JENKINSVILLE, S.C. — The construction of two new nuclear plants in Fairfield County has been delayed, but the overall cost remains below initial estimates, officials with South Carolina Electric & Gas Co. said Wednesday.
SCE&G is building two new reactors at its V.C. Summer Nuclear Station, about 30 miles northwest of Columbia, where one reactor has operated for 30 years. The new reactors are jointly owned and funded with state-owned utility Santee Cooper. Members of the media were allowed on-site Wednesday for an update and tour, 17 months after federal regulators approved licenses to build and operate them.
The first is now scheduled to open at the end of 2017 or early 2018, rather than March 2017, said Steve Byrne, SCE&G’s chief operating officer and president of generation and transmission. That date still falls within an 18-month contingency that the utility is allowed, he said.
“It is not out of control,” Byrne said. “We’re still within the approved window.”
SCE&G blames the delay on a components supplier. The Lake Charles, La., plant was unaccustomed to the high degree of scrutiny associated with nuclear work, he said. While some issues were what he called “genuine,” such as in welding, many of the problems concerned documentation and tracking employee training. Plus, employees needed engineering assistance from the designer for the new technology, Byrne said.
The original contractor, Shaw Group Inc., was bought out last year by Chicago Bridge & Iron.
“They’re getting their act together,” Byrne said. “They appear to have turned a corner.”
For the first time since construction started, the site has a backlog of components, with more work than people to do it, he said.
As for whether another supplier should have the contract, he responded, “The best success path is to stick with the folks who have worked through all those problems.”
SCE&G estimates that the delay added $200 million to the project’s cost.

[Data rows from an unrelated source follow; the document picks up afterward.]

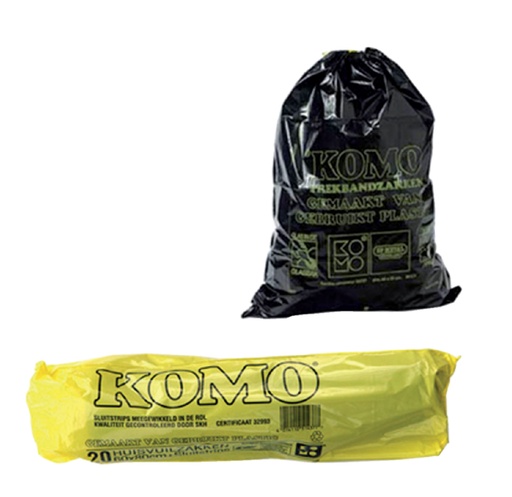 [892008] Sac poubelle Komo 60L à lien coulissant rouleau 15 pièces noir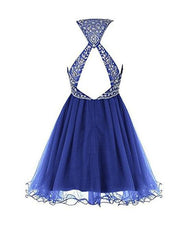 Royal Blue Homecoming Dress , Tulle Beaded Party Dress, Cute Party Dress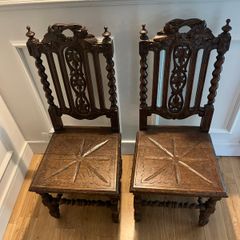 Pair Antique Gothic Revival Hall Chairs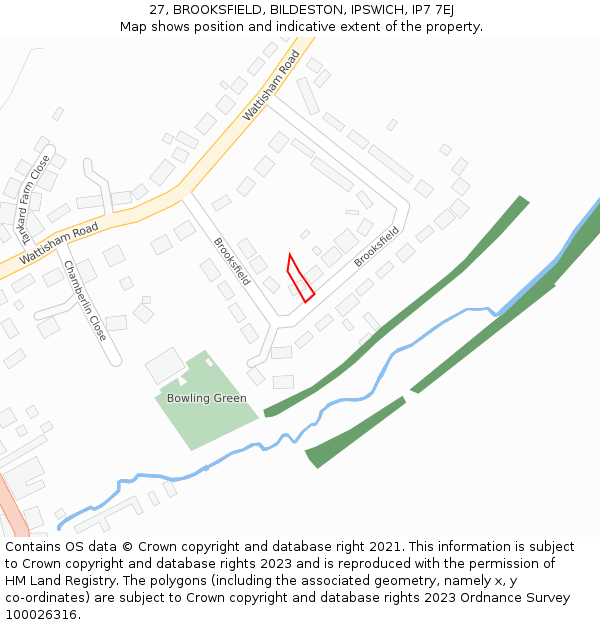 27, BROOKSFIELD, BILDESTON, IPSWICH, IP7 7EJ: Location map and indicative extent of plot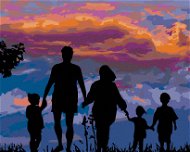 Zuty – Maľovanie Podľa Čísel – Veľká Rodina A Západ Slnka, 80 × 100 cm, Plátno + Rám - Maľovanie podľa čísel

Who will pay for that is not yet determined, Byrne said.
The two utilities have spent a combined $3.5 billion so far on the reactors. SCE&G’s current estimate of its total cost is $5.8 billion, or nearly $550 million below initial forecasts in 2009, he said. SCE&G is funding 55 percent of the roughly $10 billion project.
Nuclear power opponent Tom Clements said he expects further delays that will substantially delay the project and increase costs.
“I would not be surprised if the start-up date slips considerably,” said Clements, Southeastern nuclear campaign coordinator for Friends of the Earth.
They are the first reactors to be built in South Carolina in three decades, and one of only two new nuclear projects in the country in progress. Once both are online, the state will have nine operating nuclear plants.
SCE&G says the two new plants will mean 60 percent of the utility’s power will be generated by plants that do not produce carbon emissions. Their construction allows the company to shutter older coal and natural gas plants.
They will also balance the utility’s power sources between coal, gas and nuclear, Byrne said.
Clements has long argued that the utilities should consider increasing energy efficiency and conservation, as well as other alternative sources, before building.
SCE&G customers have been paying for the new reactors since 2007 under a state law that allows it to collect money from customers to finance the project before it generates power. Georgia, where the other nuclear construction project is moving forward, has a similar law.
In June, SCE&G asked the state Public Service Commission to approve its sixth rate increase in four years to fund the construction.
SCE&G says the financing method saves money in the long term.
“We’re getting small increases as we go as opposed to waiting until the plant is completely in service and getting one very large increase at the tail end,” Byrne said. “When the plant goes into service, I think you’ll see the rates come down.”
Clements’ group challenged the law’s constitutionality in 2009, but the state Supreme Court rejected its arguments a year later. Clements continues to call the funding method “totally unjust,” adding it’s the only reason the utilities can afford to continue with the project.
“It puts all the risk on the ratepayer and took if off the shoulders of the company and shareholders,” he said.